Nous sommes en 1958. C’est l’année au terme de laquelle André décroche son brevet agricole. Il a 17 ans. « Je ne pouvais alors plus rester chez mon patron ». André lui aurait coûté trop cher.

Chef de Chantier

« Je t’ai trouvé une place dans l’entreprise de maçonnerie de Georges Quelquejay ». Le soir même de la réussite de son fils à l’examen, le père d’André décide encore pour lui, sans qu’il ait un seul mot à dire. André devient manoeuvre. Il le restera deux ans, jusqu’à son départ en Algérie. Il va y exercer son métier au lieu de faire la guerre, avant d’être mobilisé pour participer à l’évacuation des pieds noirs. Il redevient maçon. André s’applique et il gravit inexorable­ment les échelons de la profession. L’ « OS1 » passe OS2, OQ1, OQ2. Il finit par être chef de chantier. Il a désormais 26 ans et il est marié.

La rencontre

« Nous vivions à 1 500 mètres de chez mes parents. Ils ne m’embêtaient pas… ». Reste que cette proximité rappelle à André Davoust la tutelle de son père. Il est temps de s’émanciper. Il envisage de s’installer à Sainte-Suzanne. Parti en repérage avec son épouse, André croise Louis Morteveill­e. « Il était en propagande électorale pour prendre la mairie ». C’est donc tout logiquemen­t que l’homme en campagne évoque ses projets. « Il m’a dit qu’il voulait développer le tourisme, sachant que le projet des VVF était déjà mis en place ».

Tournant

« Je n’ai que mes deux bras pour travailler… et pour acheter une maison ». En entendant André Davoust, revenu à Sainte-Suzanne, petite cité sous le charme de laquelle il est tombé, Louis Morteveill­e lui propose aussitôt, comme le Dr Jacques Bouëssel, de se porter caution à titre personnel pour son premier prêt bancaire. Engagement tenu. André juge toujours aujourd’hui que Louis Morteveill­e s’est alors comporté avec lui comme un « vrai père ». André Davoust peut investir une grande bâtisse au pied de l’église de Sainte-Suzanne. Il va y aménager six gîtes ruraux. « Pendant 18 mois, j’ai fait des journées de dix-sept heures et consacré tous mes week-ends à ce projet ». Reste que la récompense est au bout du chemin : André Davoust loue ses gîtes toutes les vacances et certains week-ends à des Parisiens. « J’ai eu trente à quarante personnes par semaine pendant sept ou huit ans ». Le temps du travail miséreux est révolu.

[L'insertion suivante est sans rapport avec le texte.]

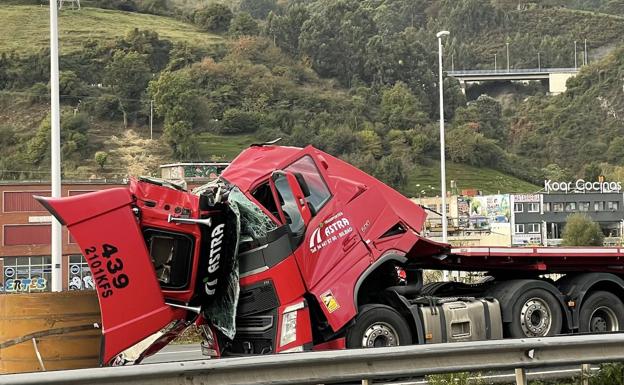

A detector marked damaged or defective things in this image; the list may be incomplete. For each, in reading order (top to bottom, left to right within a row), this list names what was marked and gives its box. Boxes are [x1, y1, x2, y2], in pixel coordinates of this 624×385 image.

crashed red truck [35, 143, 624, 364] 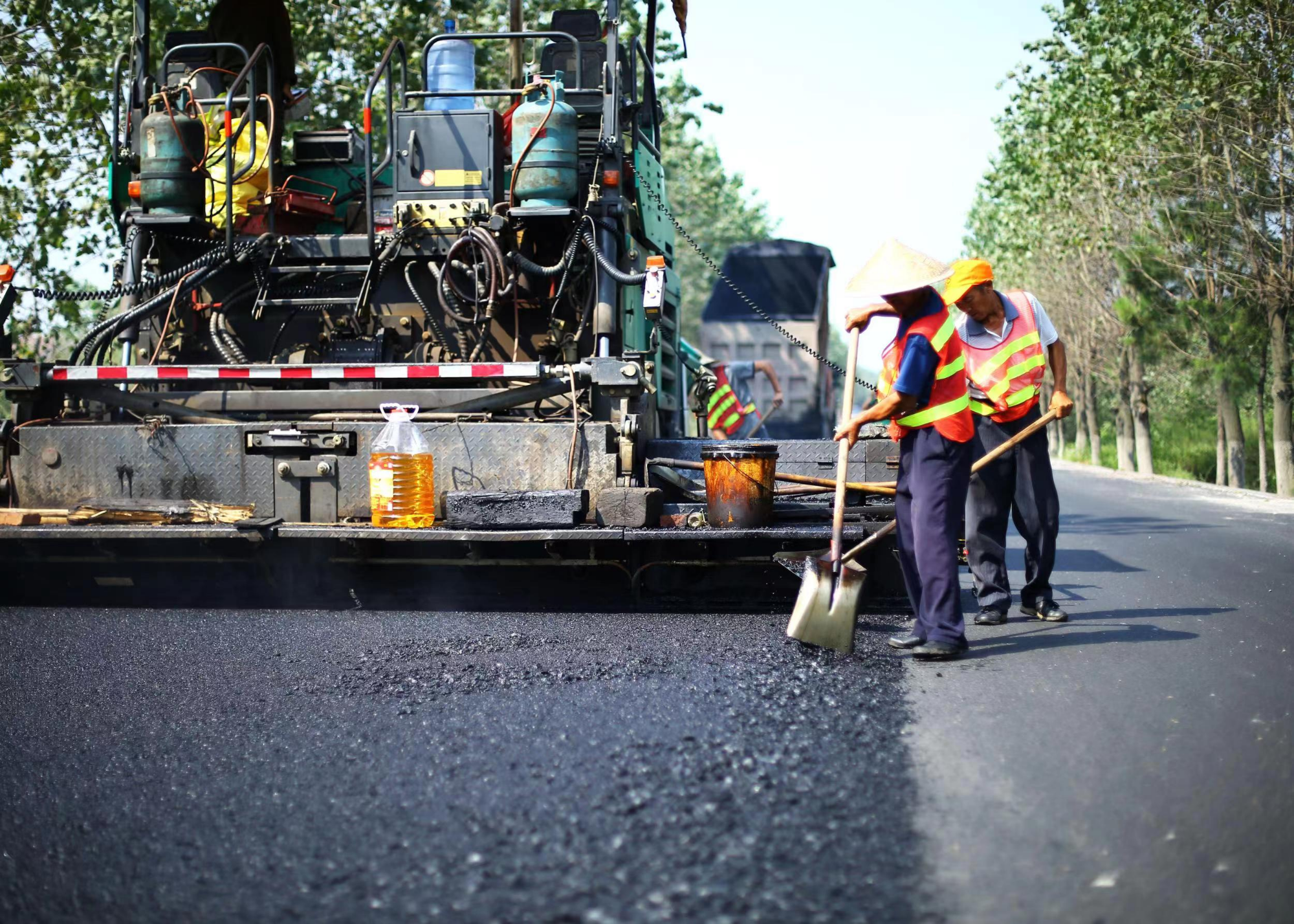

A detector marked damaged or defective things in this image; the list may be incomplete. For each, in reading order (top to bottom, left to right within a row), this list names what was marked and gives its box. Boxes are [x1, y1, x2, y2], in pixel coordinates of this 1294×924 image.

rusty metal bucket [699, 440, 776, 525] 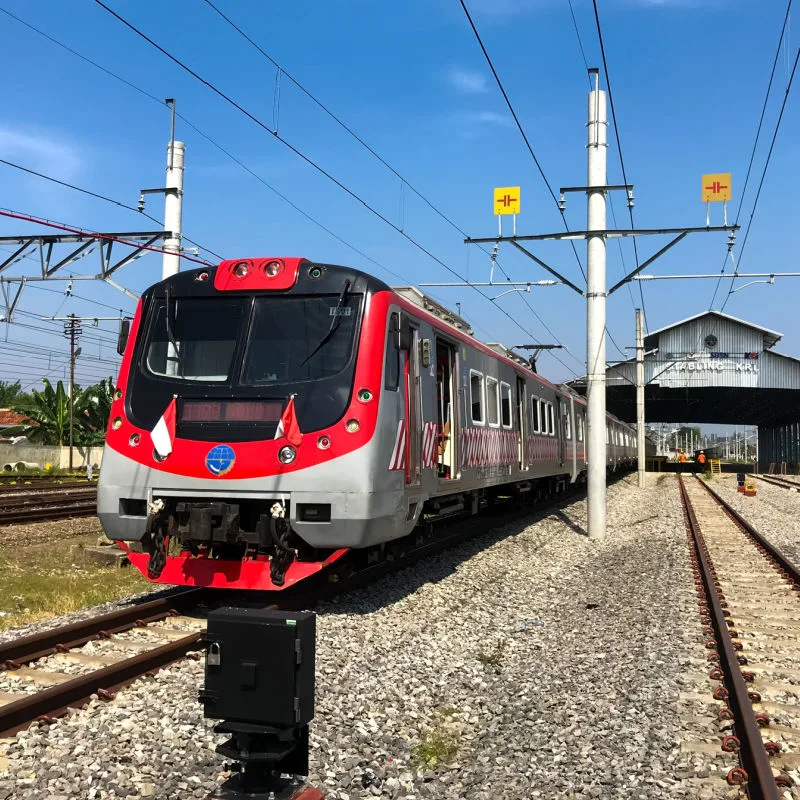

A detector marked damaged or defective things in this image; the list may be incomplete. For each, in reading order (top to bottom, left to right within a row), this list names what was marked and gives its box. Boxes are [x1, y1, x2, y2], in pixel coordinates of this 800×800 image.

rusty rail surface [680, 478, 784, 796] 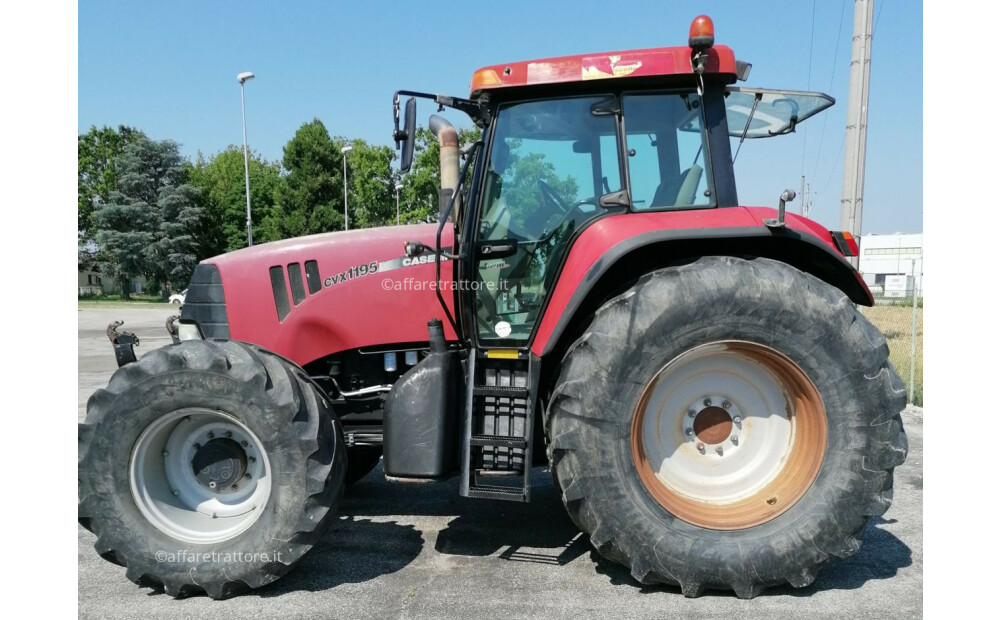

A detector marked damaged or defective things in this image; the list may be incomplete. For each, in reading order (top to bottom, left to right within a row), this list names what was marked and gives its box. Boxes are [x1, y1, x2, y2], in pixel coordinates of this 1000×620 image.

rusty wheel rim [632, 342, 828, 532] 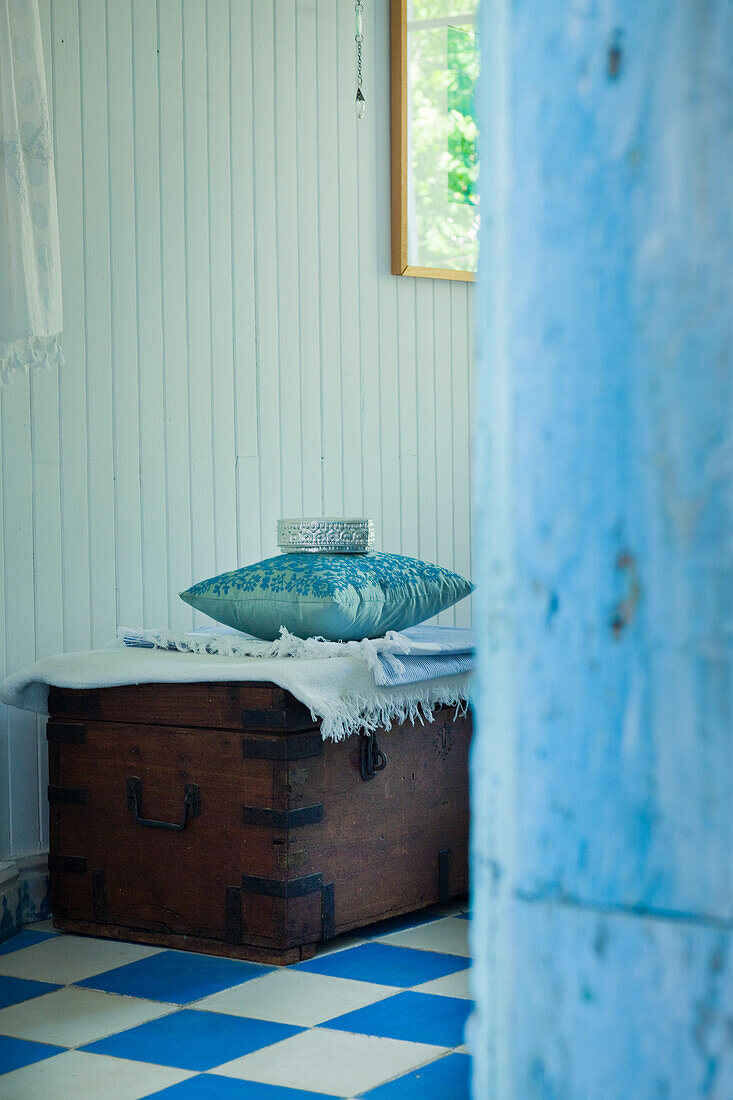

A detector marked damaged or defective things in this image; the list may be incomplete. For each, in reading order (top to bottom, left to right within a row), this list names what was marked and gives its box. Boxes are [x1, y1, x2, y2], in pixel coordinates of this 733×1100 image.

peeling paint texture [471, 2, 726, 1100]
blue peeling painted column [468, 4, 730, 1095] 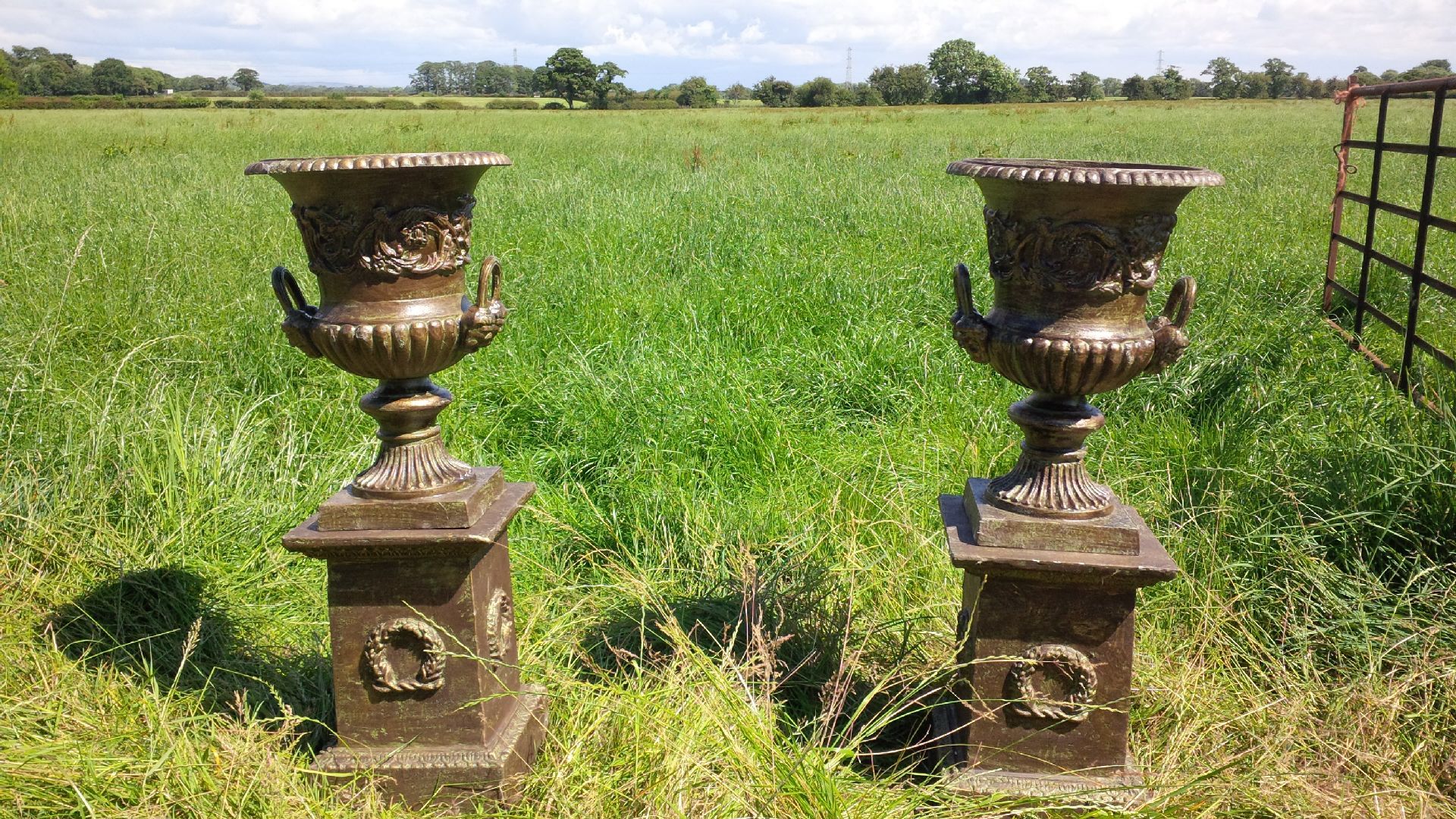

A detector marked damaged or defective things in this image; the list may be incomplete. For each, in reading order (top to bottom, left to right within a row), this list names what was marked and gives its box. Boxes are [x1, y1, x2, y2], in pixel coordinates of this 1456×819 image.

« En trois ans, j’ai récupéré tous les constructe­urs des départemen­ts limitrophe­s ». Née le 1er septembre 1968, l’entreprise d’André Davoust, qui porte d’abord son nom, démarre son activité sur les chapeaux de roue. « J’ai rapidement créé BTP 2000 ». Il suffit à BTP 2000 de tourner « quatre ou cinq ans » pour que ses équipes réussissen­t à tenir le rythme de construire une maison par semaine. Une cadence qui ne va cesser de s’accélérer. « A la fin, c’était une maison par jour ». De sorte qu’en moins de 20 ans (19681986), André Davoust peut se targuer d’avoir édifié « plus de 5 000 maisons ». Il emploiera « jusqu’à 215 personnes ». En chemin, André Davoust a « fait l’acquisitio­n des terrains et de l’entreprise de constructi­on SOCOREN ». Il a aussi été maire de la commune, de 1977 à 1983.

80 collaborat­eurs réunis

« Je suis juste à l’origine de SOCOREN. C’est Marcel Thireau qui en a fait un empire ». Marcel Thireau est l’homme dont André Davoust était « incapable » de se séparer. Après Louis Morteveill­e, il a été la seconde rencontre déterminan­te de sa vie profession­nelle. Celui qui lui a appris le métier, Georges Quelquejay, ainsi que Jean-Louis Berthé, actuel plus gros employeur de Sainte-Suzanne, occupent évidemment eux aussi une place énorme dans ce parcours-là.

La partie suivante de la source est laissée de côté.